• _The data_:

* * *

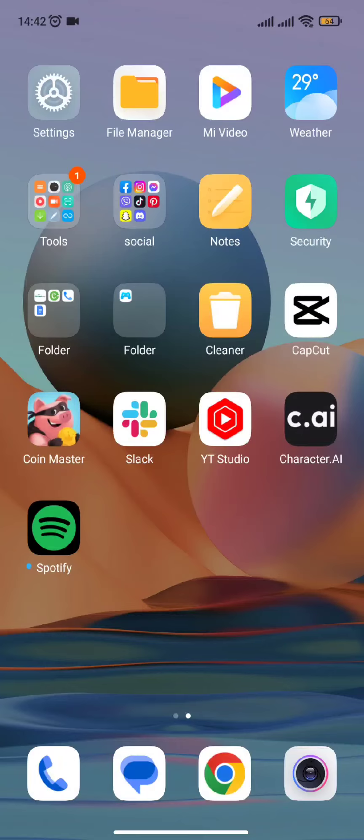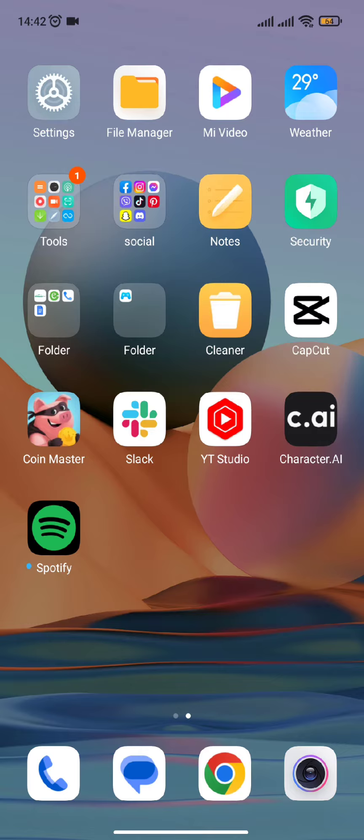Hello and welcome back to our channel. Today in this video we are going to discuss how you can redeem your code on Spotify app. So without further ado, let's get straight into our video.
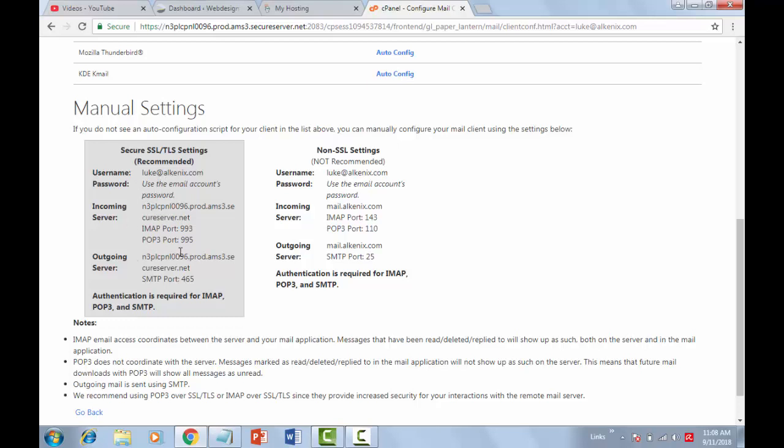In the next step we will install the EasyWPSMTP plugin. Let's do it.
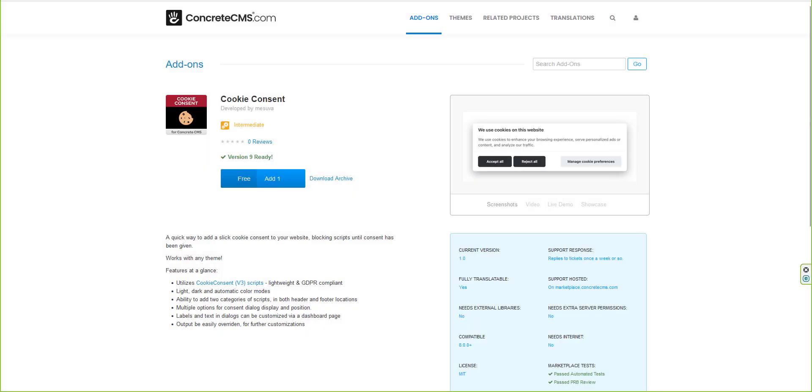Cookie Consent by Mizuva is a great tool to help you get closer to complying with GDPR and other privacy laws.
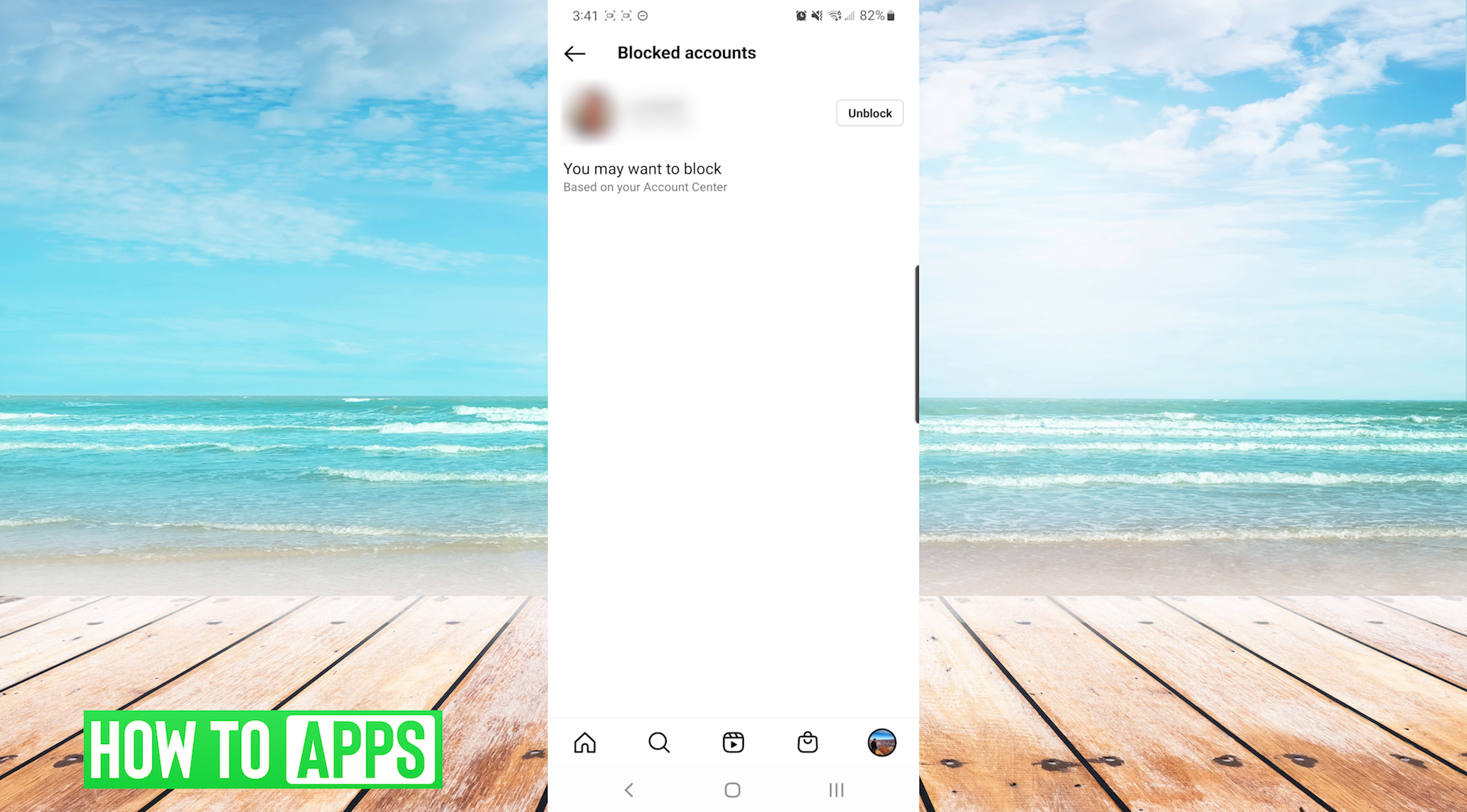On the right side, you will see the unblock button. If you had a long list of accounts that you had blocked, you would see multiple unblock buttons. Just make sure you're using the correct button to unblock the correct account.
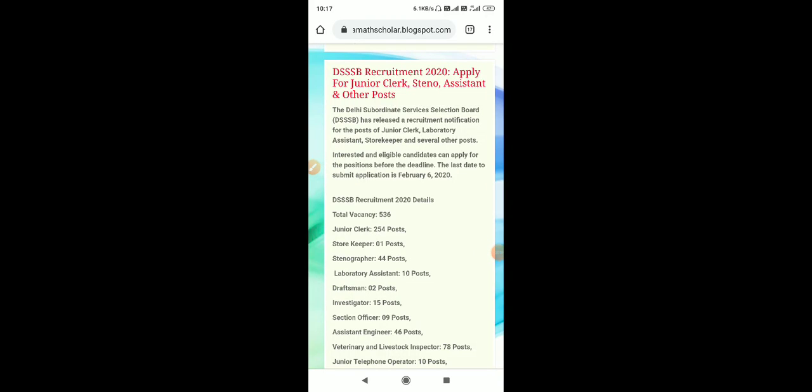Hello, good morning friends. This is Math Scholar channel. Today I have job news for you guys. Let's start. Today's job news is DSSB recruitment 2020.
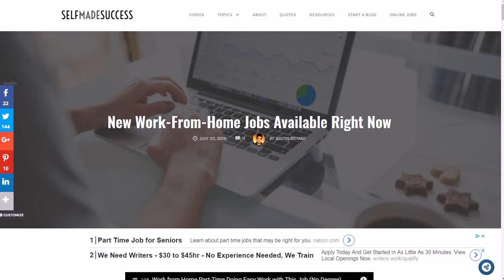How else am I supposed to know what you want me to do videos on? So let me know in the comments about that as well. And again you can go to the video description or selfmadesuccess.com for more information on this job as well as others.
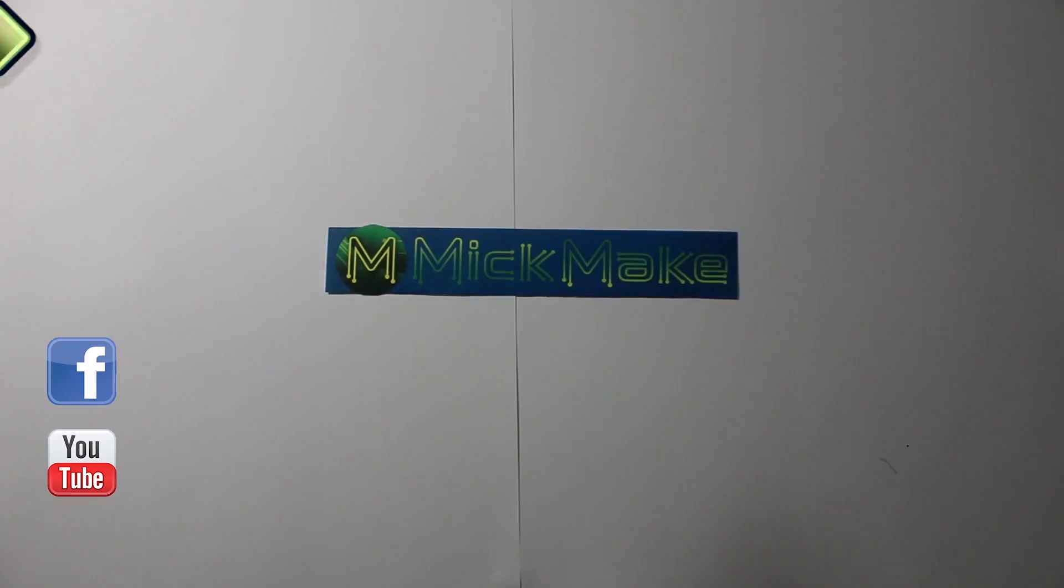In the last review, I gave the Pi 64 2.5 out of 5. Have things really changed in the last two months?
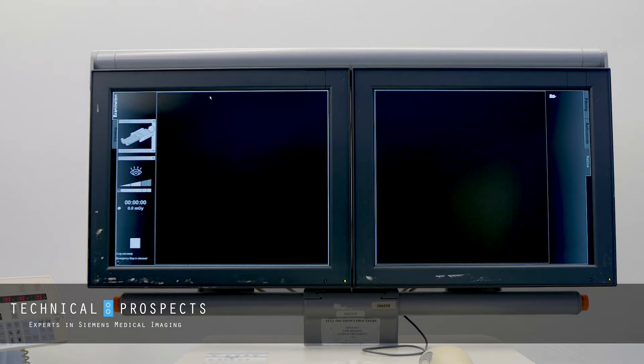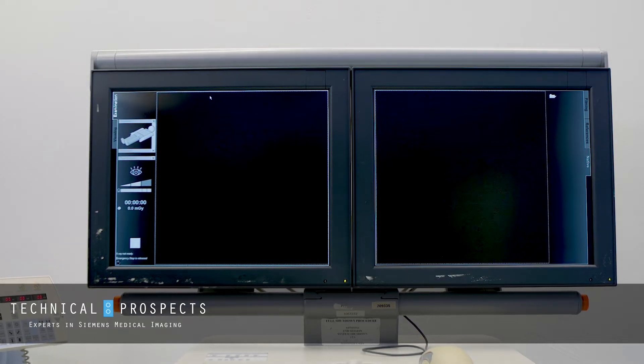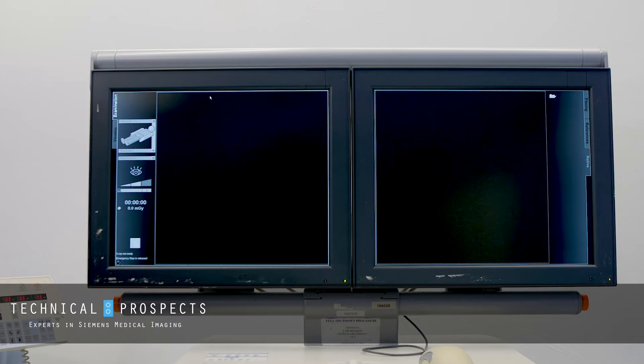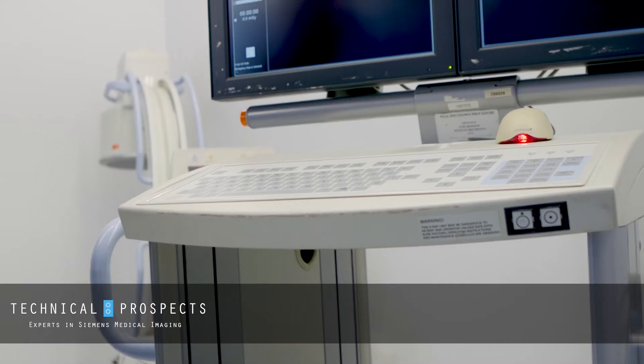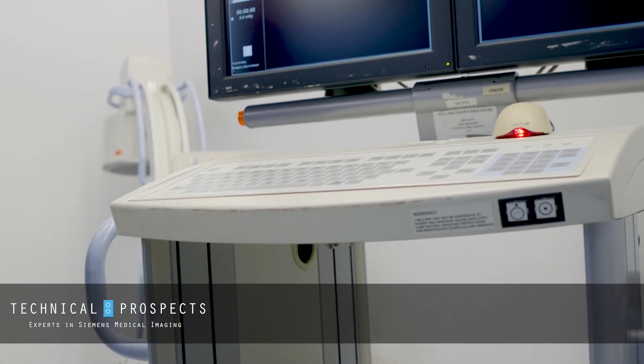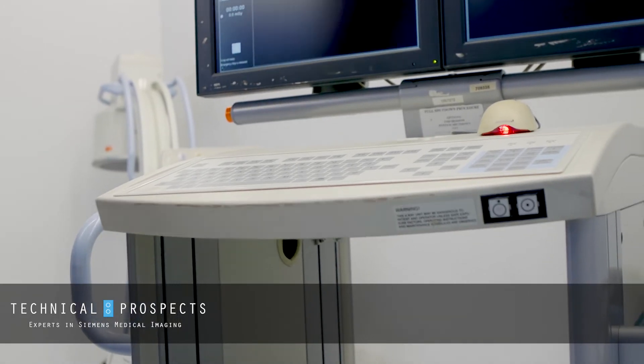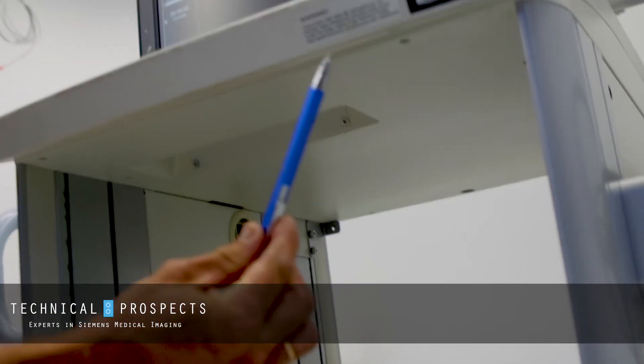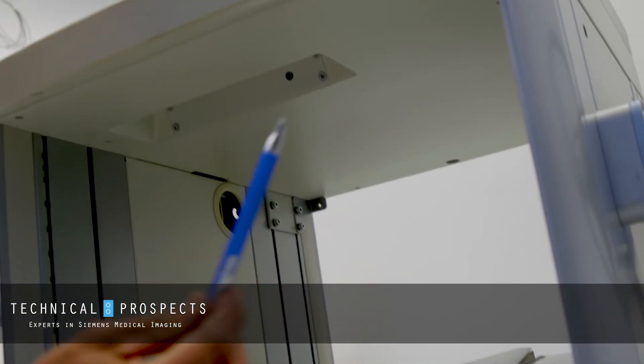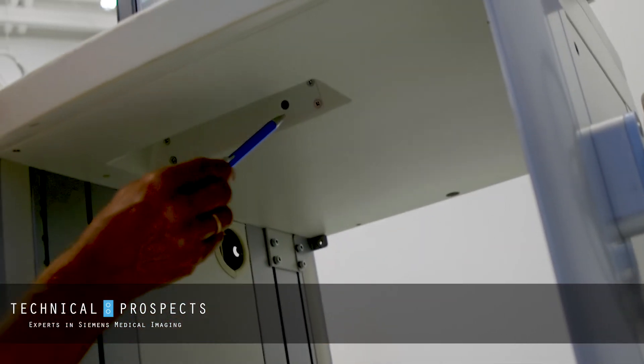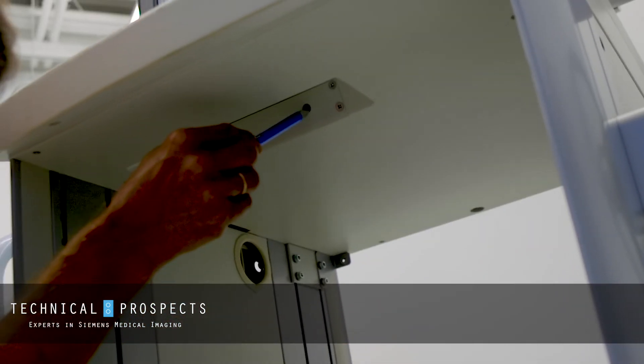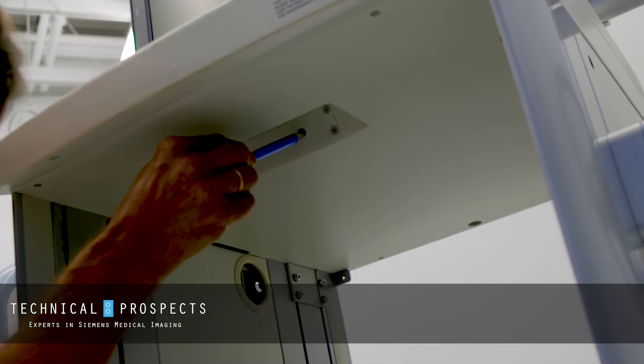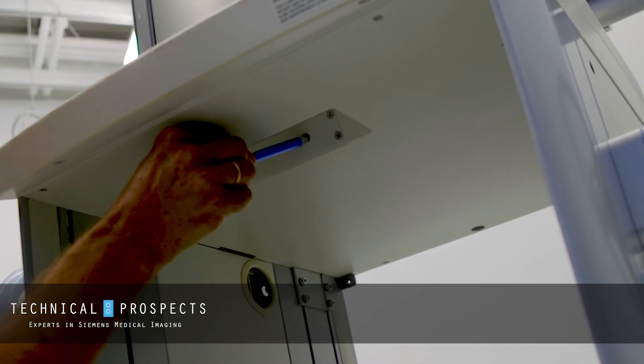So the most efficient and fast way to do it is to use a reset button. To reset the computer, you have to reach with something not too sharp but small enough to this area and just press it.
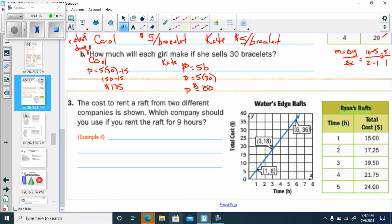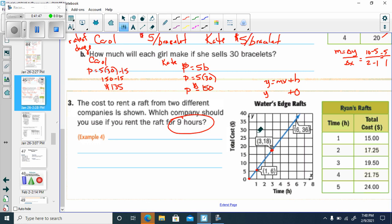The cost to rent a raft from two companies: for Water's Edge, B is zero. M equals change in Y over change in X: 18 minus 6 over 3 minus 1 gives 12 over 2, which is 6. Water's Edge equation is Y equals 6X.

* * *

• _Problem to work on_: Exercise for the records above: copy only the lines from the one with "In the last review, I" to the one with "So the most", both ends kept, and drop the pictures.

• _Answer space_:
In the last review, I gave the Pi 64 2.5 out of 5. Have things really changed in the last two months?
So the most efficient and fast way to do it is to use a reset button. To reset the computer, you have to reach with something not too sharp but small enough to this area and just press it.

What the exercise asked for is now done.